Dalam sambutannya, Bupati Rizky menegaskan kepada seluruh warga penerima agar tidak memperjualbelikan lahan atau hak kebun plasma yang telah didapatkan tersebut.
Ia mengingatkan bahwa kebun plasma ini merupakan bentuk investasi jangka panjang yang hasilnya ditujukan untuk menjamin kesejahteraan masa depan seluruh warga beserta anak cucu mereka.
“Sekali lagi ulun tegaskan plasma yang diberikan PT MMAL jangan sampai dijual, ini untuk masa depan sida pian semua. Investasi sampai ke anak cucu,” pesan Bupati Rizky di hadapan para warga yang hadir.
Selain menekankan pentingnya menjaga aset kebun plasma, Bupati Lamandau juga mengimbau masyarakat untuk tidak perlu merasa cemas mengenai biaya pengobatan jika sewaktu-waktu jatuh sakit.

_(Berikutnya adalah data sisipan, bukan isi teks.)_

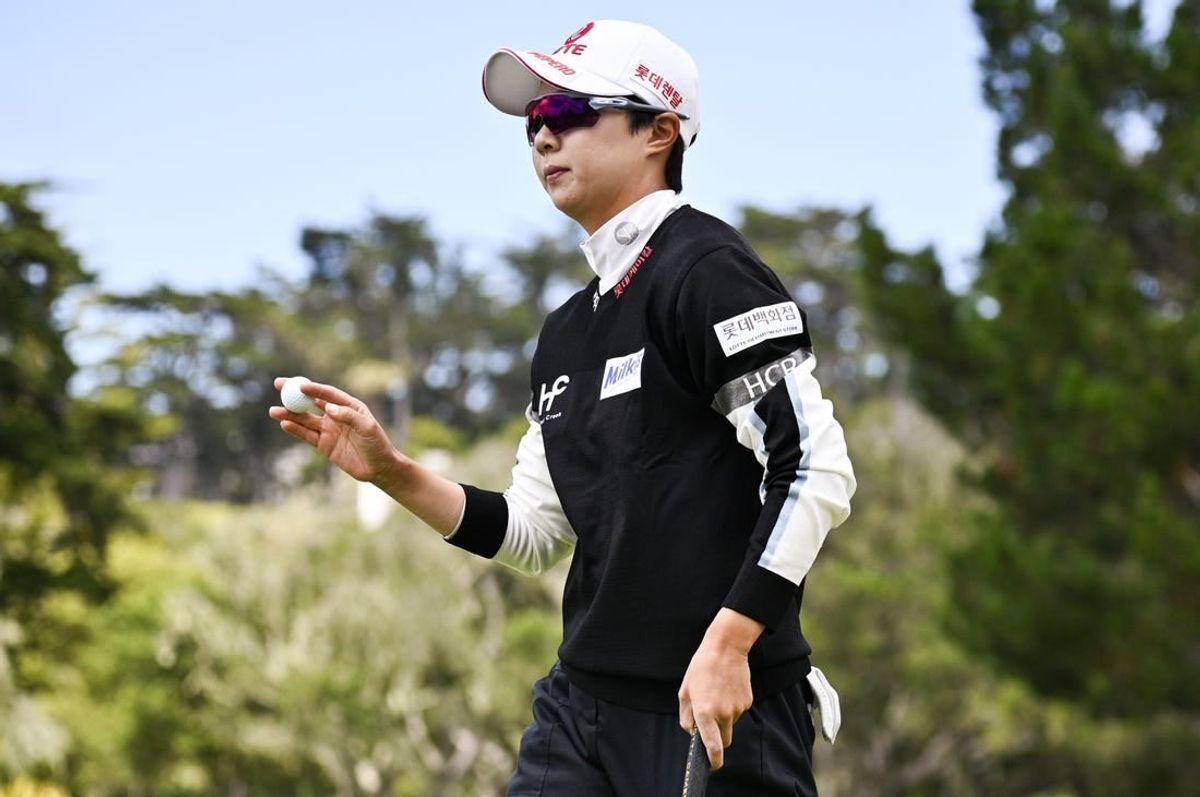Jul 9, 2023; Pebble Beach, California, USA; Hyo Joo Kim acknowledges the crowd after her putt on the second hole  during the final round of the U.S. Women's Open golf tournament at Pebble Beach Golf Links.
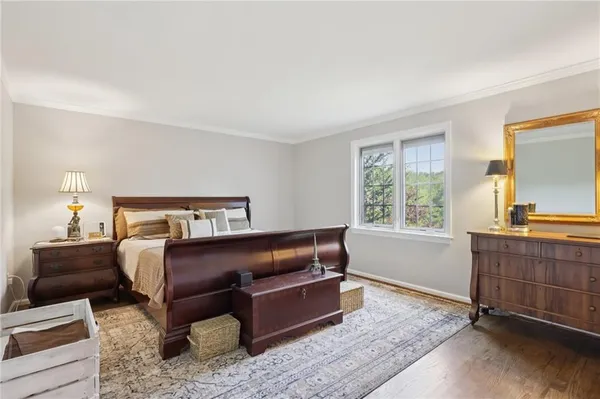 a bed room with a bed and a window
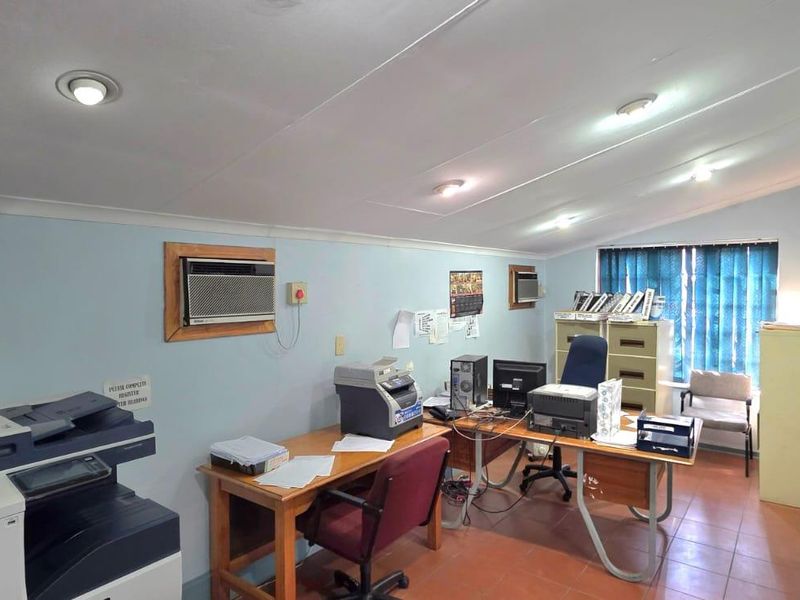 A functional office space featuring tiled flooring, recessed ceiling lighting, and a window-mounted air conditioning unit.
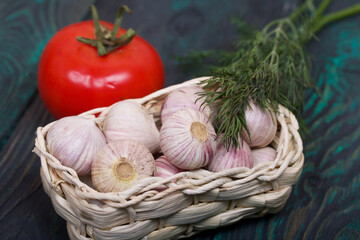 Garlic in an overturned wicker basket. Dill sprigs and tomato. On green pine boards. Close-up shot.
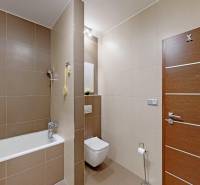 Bathroom with a bathtub and toilet in a 3-room apartment, with a wooden decor floor.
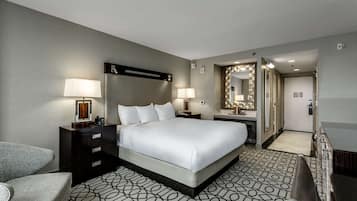 A hotel room with a large bed, bedside tables with lamps, a mirror, and a patterned floor.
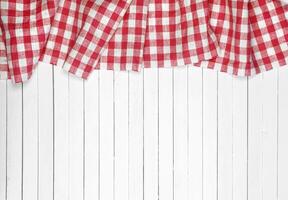 Red tablecloth on wooden table, top view photo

“Apabila ada warga sakit cukup melaporkan kondisi kesehatan mereka kepada Pemerintah Desa (Pemdes) atau Pemerintah Daerah (Pemda) agar segera ditangani oleh petugas medis, jadi jangan jual-jual lahan hanya karena sakit,” tuturnya.
Bupati menjamin seluruh warga Kabupaten Lamandau saat ini telah terdaftar dan ditanggung penuh oleh program BPJS Kesehatan.
Lebih lanjut, ia menjelaskan bahwa seluruh pembiayaan jaminan kesehatan tersebut bersumber langsung dari Anggaran Pendapatan dan Belanja Daerah (APBD) Kabupaten Lamandau.
Sementara itu, Penjabat (Pj) Kepala Desa Batu Kotam, Alpiansyah, S.Pd., menyampaikan rasa syukur yang mendalam atas keberhasilan dan pencapaian perjuangan yang telah ditempuh seluruh pihak selama ini.
“Saya menilai penyerahan hak plasma senilai miliaran rupiah tersebut merupakan buah manis dari kesabaran serta kerja keras bersama antara pemerintah desa, warga, dan pemerintah daerah,” ungkap PJ Kades.